Spotkanie Rady Miasta Miami zaplanowano na 10 maja. W trakcie jego trwania dyskutowana będzie kwestia kontraktu na organizację ulicznego wyścigu Formuły 1. Miałby on obowiązywać w latach 2019-2028. Jeśli głosowanie zakończy się sukcesem, to obie strony zajęłyby się detalami kontraktu, którego finalizacja nastąpiłaby najpóźniej 1 lipca.
Orędownikiem organizacji wyścigu F1 na ulicach Miami jest burmistrz Francis Suarez oraz trzech miejskich radnych. Według pierwszych informacji, premierowe zawody na Florydzie miałyby się odbyć w październiku.
Nie jest tajemnicą, że Liberty Media chce zwiększyć liczbę wyścigów F1 w Stanach Zjednoczonych. Obecnie w tym państwie odbywa się tylko jedno Grand Prix, którego gospodarzem jest Austin w stanie Teksas.
- Doceniamy zainteresowanie organizacją wyścigu F1 i cieszymy się, że będziemy w tym zakresie współpracować z miejscowymi urzędnikami. Oby udało nam się ożywić tę wizję. Mamy ponad pół miliarda fanów na całym świecie. Formuła 1 to największe widowisko wyścigowe na świecie, a Miami ma status jednego z najbardziej kultowych i czarujących miast na świecie. W połączeniu z rozwiniętą infrastrukturą turystyczną, czyni to z Miami idealne miejsce dla F1 - ogłosił Sean Bratches, dyrektor zarządzający F1.

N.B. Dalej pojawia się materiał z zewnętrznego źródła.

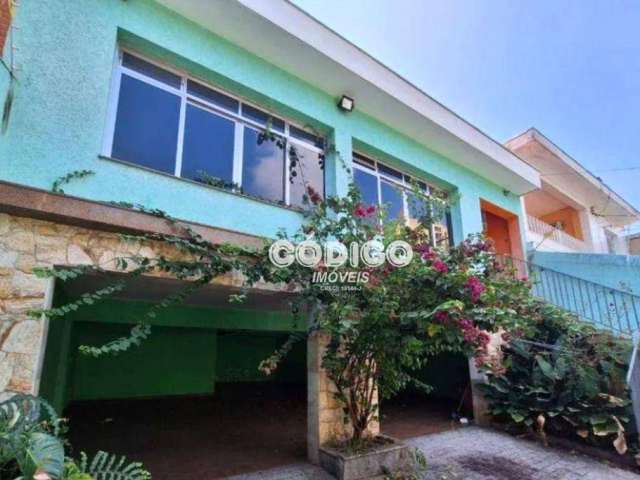 Casa com 4 dormitórios sendo 1 Suite à venda por R$ 750.000,00 - Jardim Vila Galvão - Guarulhos/SP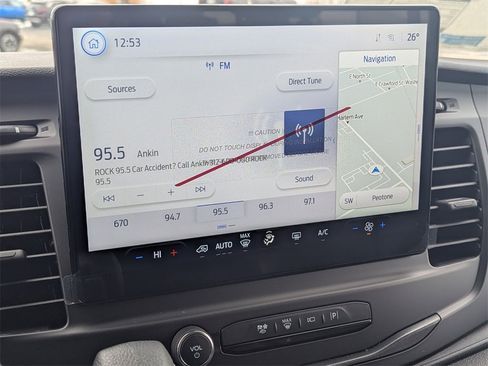 New 2025 Ford Transit 350 XL image 8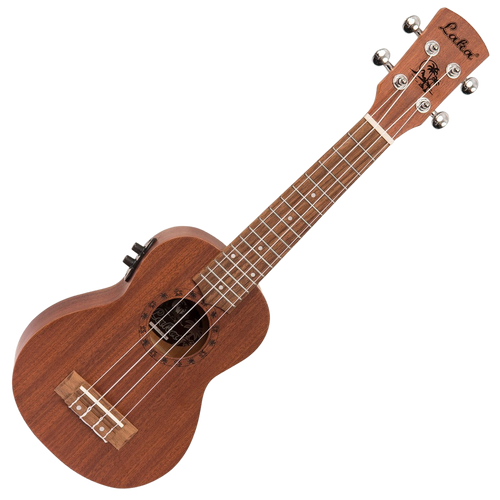 Laka Soprano Mahogany Series Electro-acoustic Ukulele
Ireland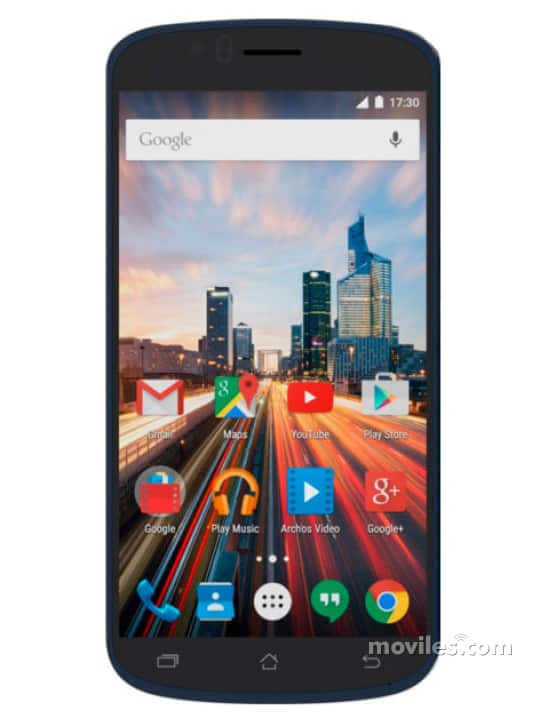 Archos 50e Helium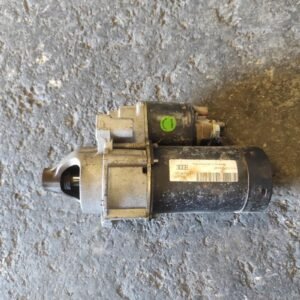 Motor de arranque Peugeot Partner 1.6 HDi (75 cv)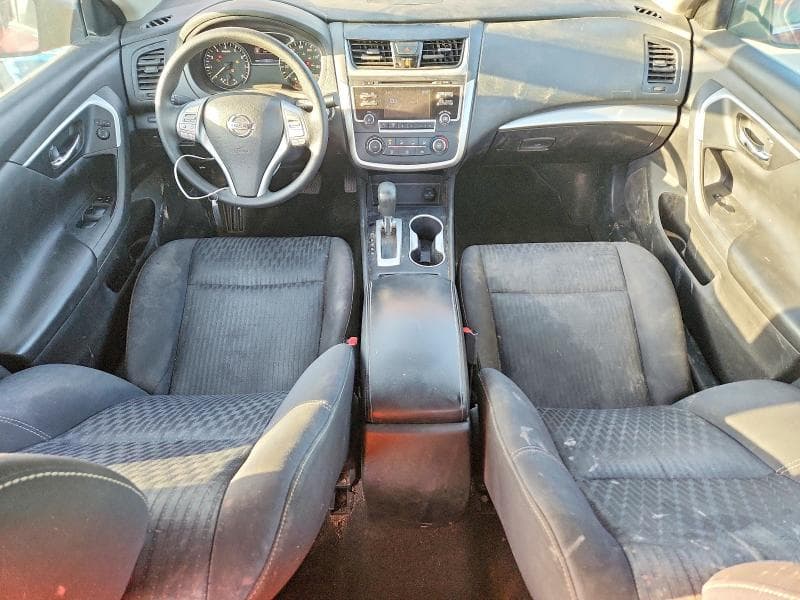 2018 NISSAN ALTIMA 2.5 S 8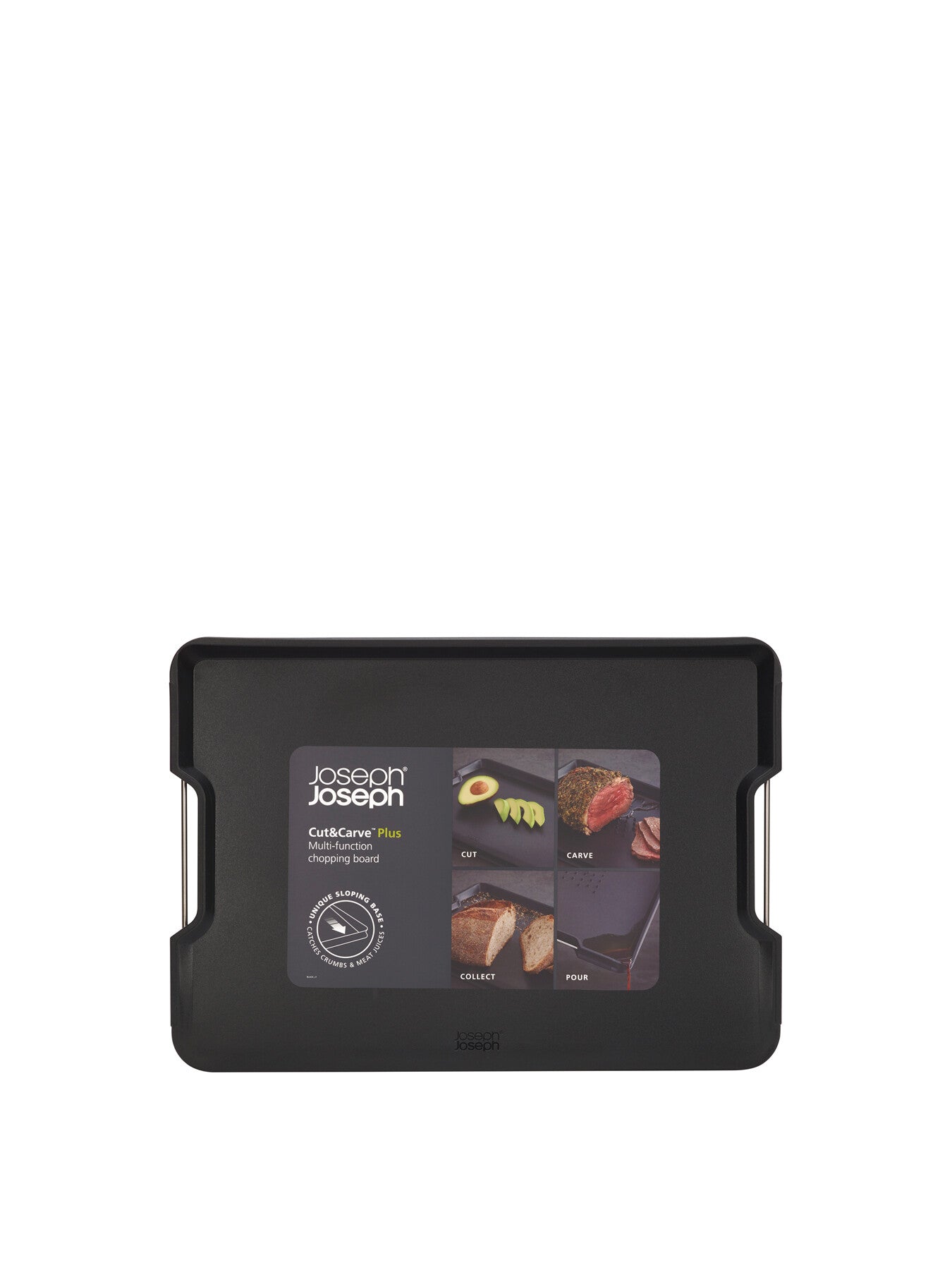 CutCarve Plus Large Multi-function Chopping Board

Według informacji "Motorsportu", F1 złożyła już w Światowej Organizacji Własności Intelektualnej wnioski o zastrzeżenie znaku i nazwy "Formuła 1 Miami Grand Prix" oraz "Grand Prix Miami Formuły 1".
W przeszłości miasto na Florydzie było też organizatorem wyścigu Formuły E. Elektryczne samochody ścigały się na ulicach Miami w 2015 roku.